= Terence A. McEwen =

Canadian opera manager

Terence A. McEwen (13 April 1929 - 14 September 1998) was a Canadian opera manager.

==Upbringing and early career==
Though born in Thunder Bay, Ontario, McEwen grew up in the Montreal area where he learned to love opera and listened to the Met broadcasts. Aged fourteen, he made a trip to New York one winter break to hear several of his favourite operas, which included Bidu Sayão and Jussi Björling in Rigoletto. As a singer, Sayão was forever to remain his passion, one which was accentuated by seeing her in Manon performances in Montreal.

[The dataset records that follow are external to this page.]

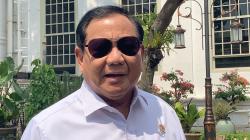 Prabowo Mau Naikkan Rasio Utang jadi 50 Persen, Airlangga: Itu Wacana Saja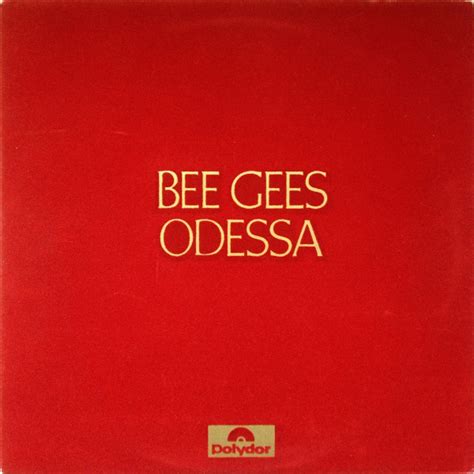 Bee Gees - Marley Purt Drive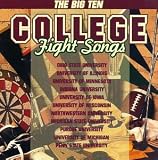 Big Ten College Fight Songs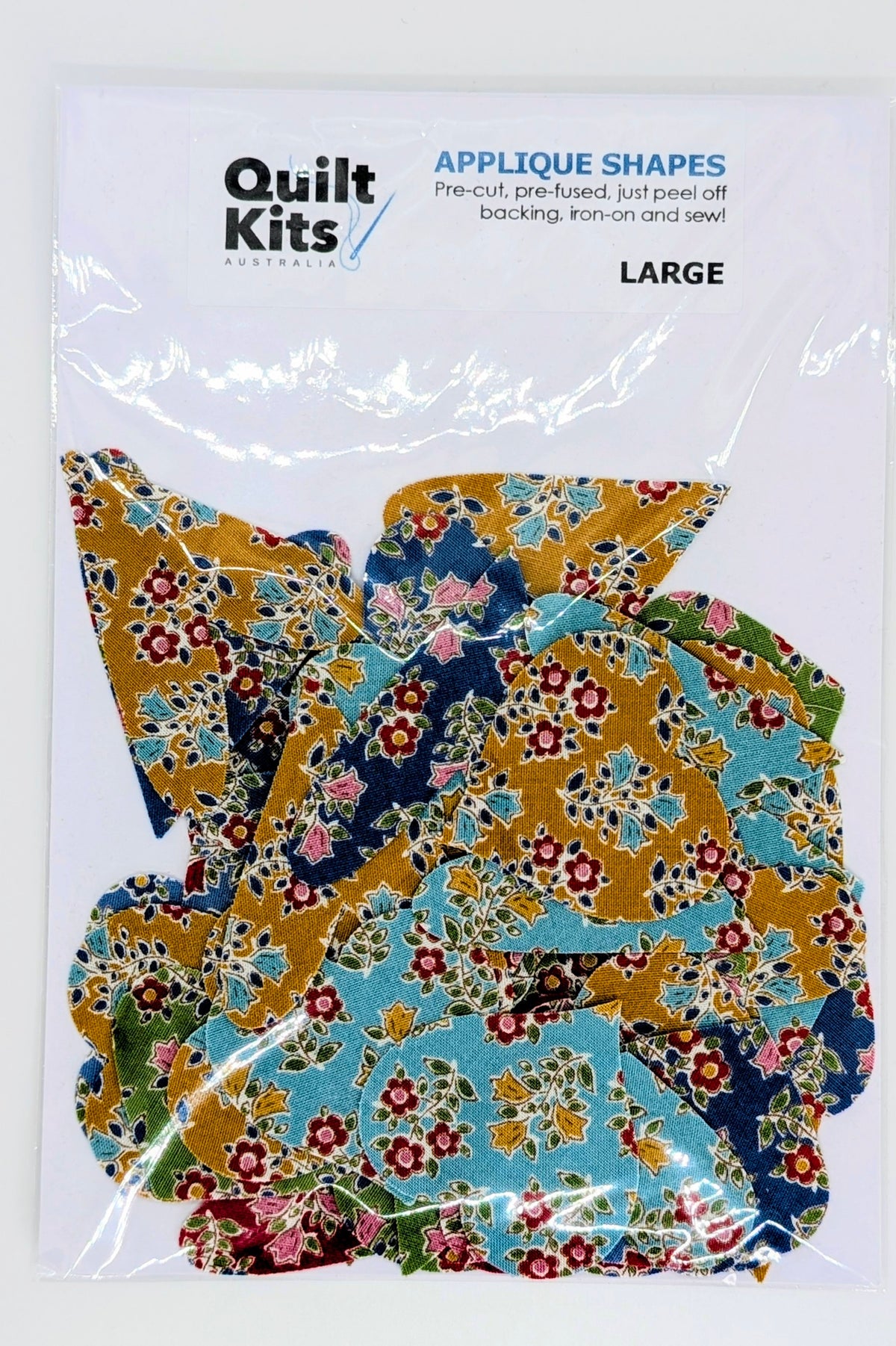 Applique Hearts Tilda Jubilee - Large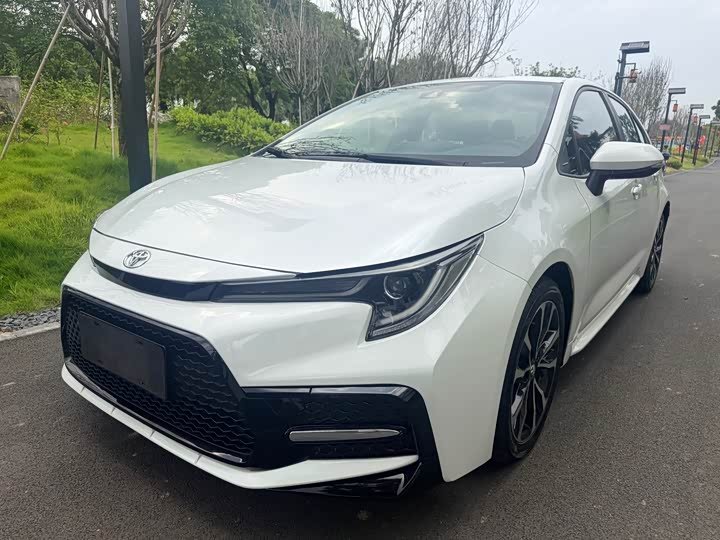 Toyota Levin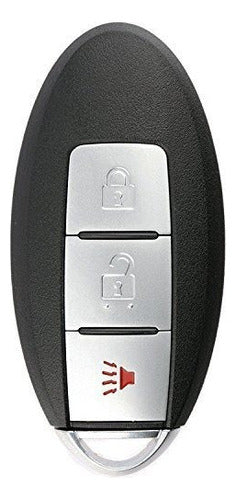 KeylessOption Smart Keyless Remote for Nissan 1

His passion for opera in general led him to visit the Royal Opera House in London and a lowly paid job with Decca Records in that city. Moving up the ranks in the 1950s, he landed in New York in 1959 and for the next 20 years made London Records, Decca's classical arm, the most significant label in the United States.

==San Francisco Opera==
After being approached by San Francisco Opera Director Kurt Herbert Adler regarding a job, McEwen moved to the city in 1980 and immersed himself in learning the operations of an opera company. By January 1982 McEwen was running the Opera.

Given his expertise and background in understanding the wonders of the human voice, it is not surprising that his approach in his early years was away from the theatrical and more focused on the vocal. With his Ring Cycle, which began in the Summer 1983 and Fall 1984 seasons (and which was presented in its entirety in June 1985), McEwen demonstrated where his priorities lay: they were focused on hiring the best singers in the world.

As a reaction to the economic climate of the times, in 1982 McEwen created the "San Francisco Opera Center" to oversee and combine the operation and administration of the numerous affiliate educational and training programs. Providing a coordinated sequence of performance and study opportunities for young artists, the San Francisco Opera Center includes the "Merola Opera Program", "Adler Fellowship Program", "Showcase Series", "Brown Bag Opera", "Opera Center Singers", "Schwabacher Recitals", and various Education Programs. By introducing his young singers to the great voices of the past, inviting them to rehearsals, and giving tickets to current productions, McEwen hoped to create rounded performers who could appear in the regular Fall season.

Amongst his successes in this regard was the mezzo-soprano Dolora Zajick from Nevada. By "hand holding"" her through the various stages of training, he prepared her for the role of Azucena in the summer 1986 season to great acclaim.

On 8 February 1988, McEwen announced his resignation. The following day his mentor, Kurt Herbert Adler, died.

McEwen died in Honolulu, Hawaii at age 69.